» Assignment
Each line from the one with "Cute panda plush" through the last line below must be written out exactly. Do not copy pictures.

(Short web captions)
--*--

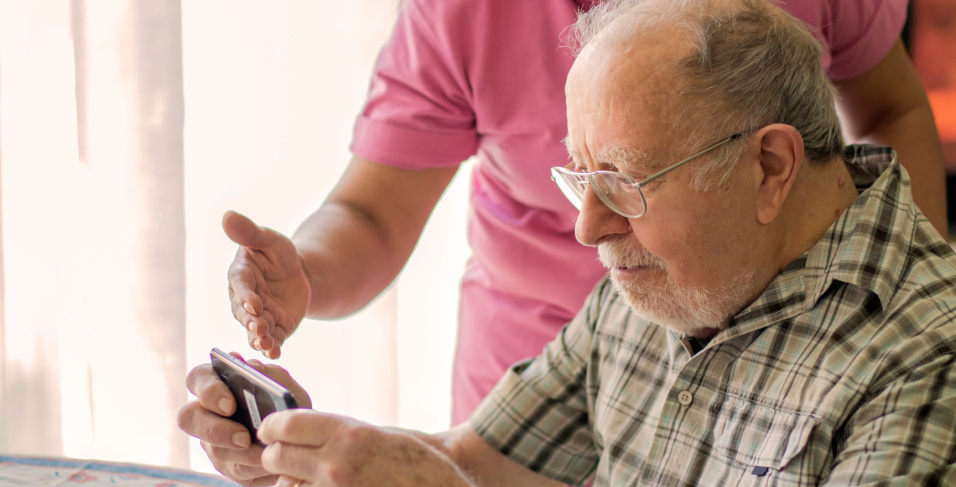 Caregiver helps consumer with Digital Technology
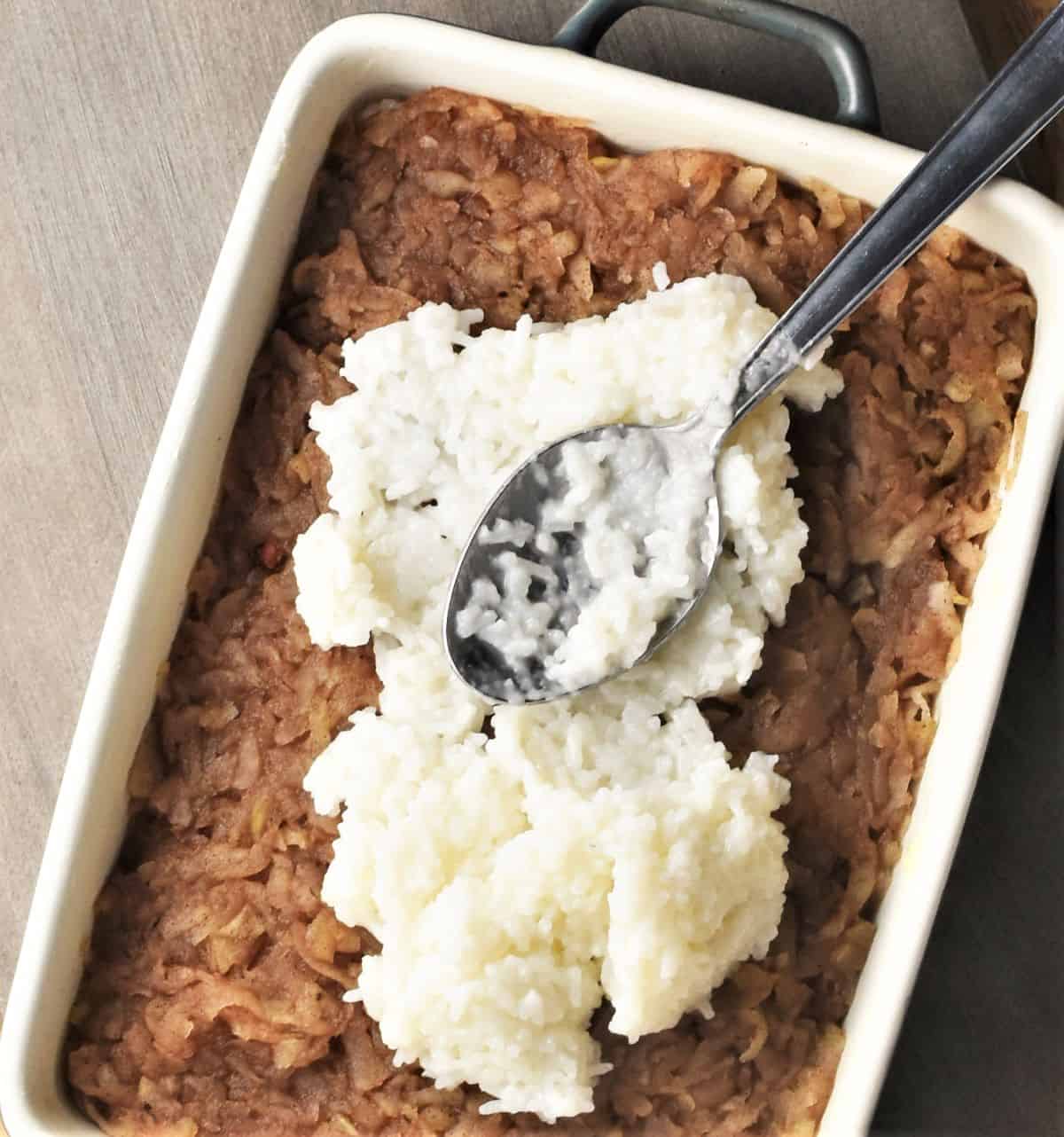 Assembling layers of rice and apple mixtures in rectangular dish.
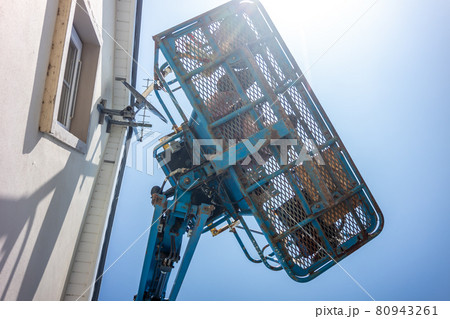 Worker on a aerial access platform, cherry picker, cleaning house Worker on a aerial access platform, cherry picker, cleaning house 80943261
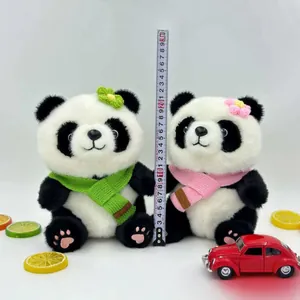 Cute panda plush toys with colorful knitted scarves and measurement tape for size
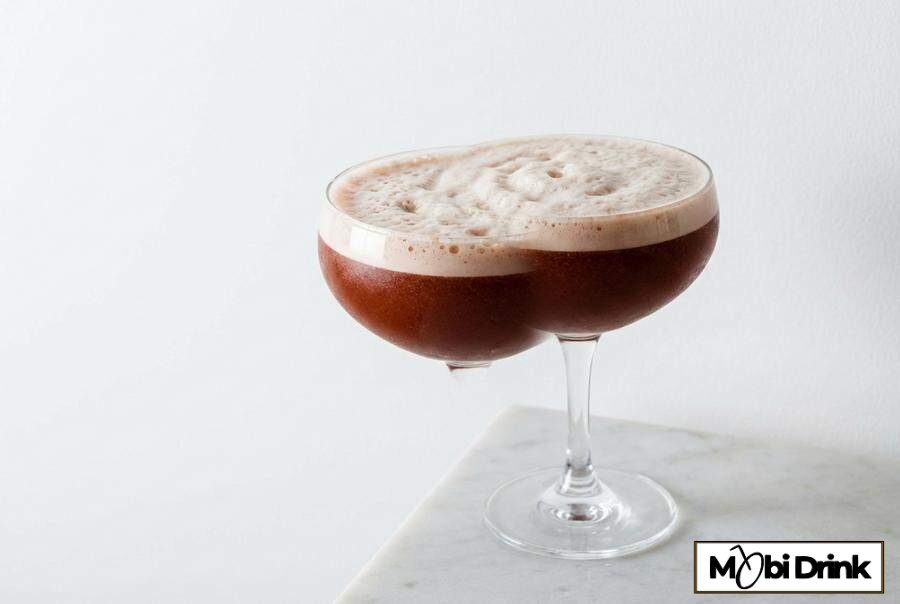 Ciemny drink Trinidad Sour z pianką w kieliszku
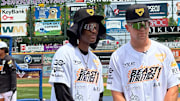 Eagles teammates DeVonta Smith and Cooper DeJean get ready for the home run contest at Smith's 5th annual Celebrity All-Star Game on June 28. 2025 in Allentown.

--*--

» Result for this task
 Cute panda plush toys with colorful knitted scarves and measurement tape for size
 Ciemny drink Trinidad Sour z pianką w kieliszku
 Eagles teammates DeVonta Smith and Cooper DeJean get ready for the home run contest at Smith's 5th annual Celebrity All-Star Game on June 28. 2025 in Allentown.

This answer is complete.